Decades had passed and the museum has expanded. From a firm base in primarily French modernism the additions of contemporary art have maintained the same impeccable standards.
One of the great pleasures of the collection is its hidden gems both then and now.
A mantra for the Norton is to expect the unexpected. Wedged in the cracks and margins of masterpieces are niche works by unfamiliar or underappreciated artists. It conveys that Norton over a span of decades has had astute curators and savvy collectors at their service.
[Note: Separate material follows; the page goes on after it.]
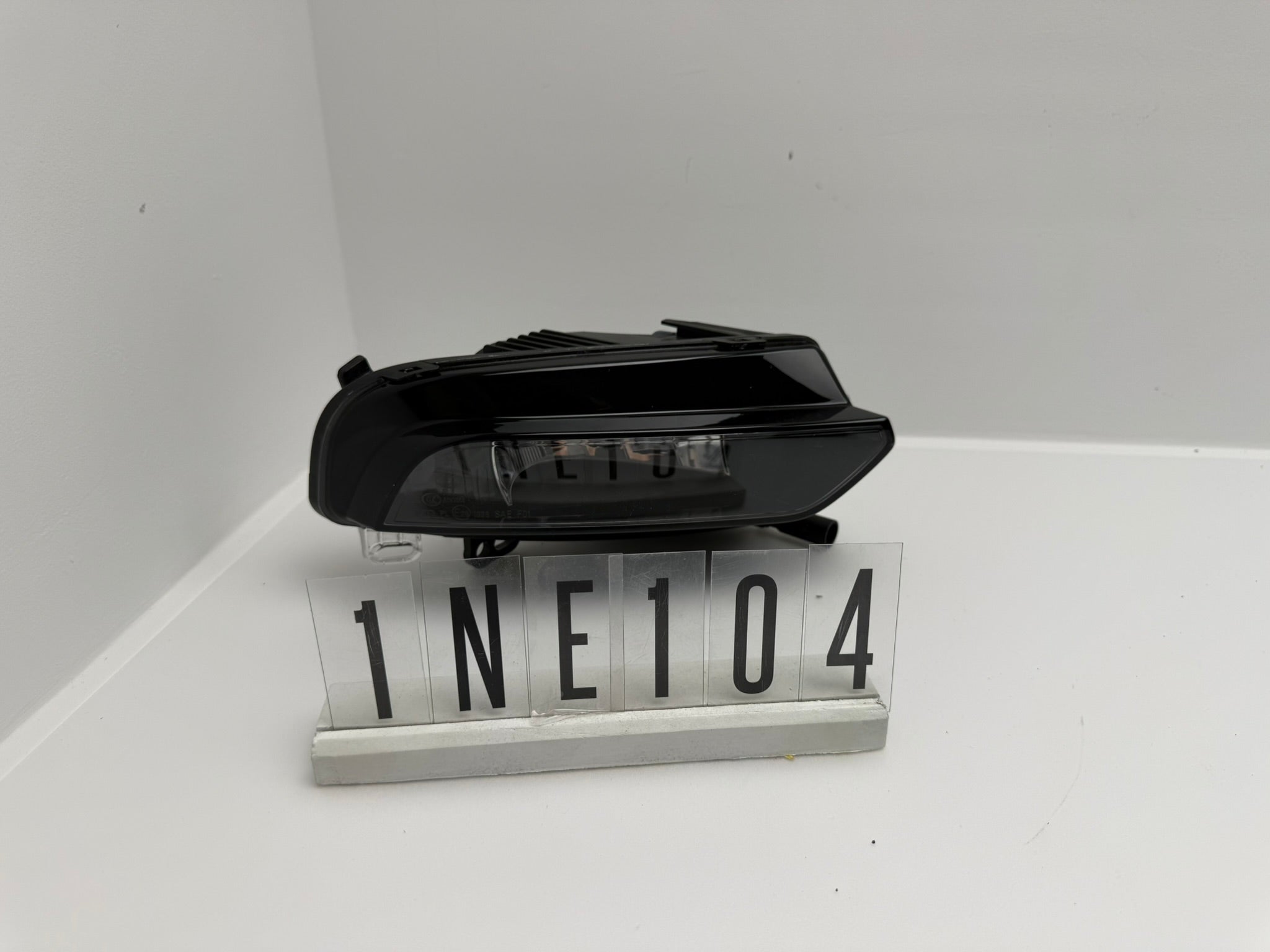 1NE 010.832-10; 1NE 2 03-04; 14-15  AUDI A3 8VA/8VF Nebelscheinwerfer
Just such an encounter was a small, arresting, skilled and galvanic head of a woman by the autodidact Suanne Valadon (23 September 1865 – 7 April 1938) born Marie-Clémentine Valadon at Bessines-sur-Gartempe, Haute-Vienne, France. In 1894, Valadon became the first woman painter admitted to the Société Nationale des Beaux-Arts. She was also the mother of painter Maurice Utrillo.
Valadon spent nearly 40 years of her life as an artist. The subjects of her drawings and paintings, such as Joy of Life (1911), included mostly female nudes, portraits of women, still lifes, and landscapes.
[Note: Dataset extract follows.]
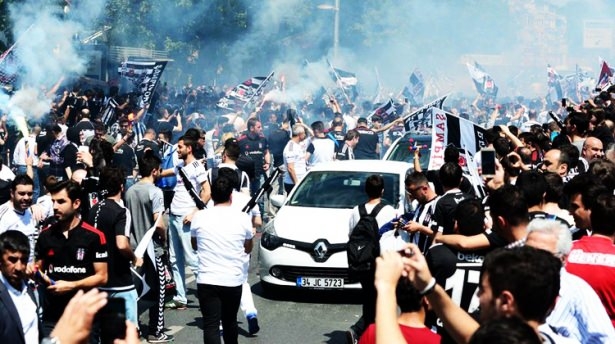 Beşiktaş taraftarı kutlamalara erken başladı 53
She is best know as a model and appeared in such paintings as Dance at Bougival (1883) and Dance in the City by Pierre-Auguste Renoir (1883), and Suzanne Valadon (1885) and The Hangover (Suzanne Valadon) (1887 - 1889) by Henri de Toulouse-Lautrec.
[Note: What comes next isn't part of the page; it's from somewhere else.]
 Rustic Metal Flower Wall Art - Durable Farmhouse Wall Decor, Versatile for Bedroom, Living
The models of artists were frequently their lovers. In the case of Renoir blatantly so with tacit approval. The trope was to do as you please Saturday night and be home for Sunday mass.
Valadon was more than a floozy. The modelling sessions were also opportunities to pick up the craft from a master. It was more likely a casual than formal mentoring relationship. Another example of this was Victorine Meurant who was Manet’s source for Olympia and other masterpieces. She asked to be regarded as his associate with a retainer fee. It is known that she was also a painter but I have never seen an actual work by her.
Paintings by Valadon are rare but not an endangered species.
The Norton picture is arresting even before reading the label. What she lacks in formal training is more than compensated by a fresh originality. While of the milieu of art in Paris of her time the work deserves respect and attention beyond the trope of feminism.
The sense is that she was resilient and independent making her own way as a single mother. There is speculation regarding the paternity of her renowned outsider artist son Maurice Utrillo. Allegedly she fed him booze as a pacifier and he was an alcoholic from an early age.
His loose and sloppy work was regarded as a souvenir of Montmartre. He seems less regarded now than when first encountered as a rage.
By comparison the paintings of Valadon are both uncanny in their originality as well as more disciplined and controlled.
Her small work in the Norton holds its own among the big boys and heavy hitters in the collection. With other discoveries on this level a visit to the Norton Gallery is a treasure hunt.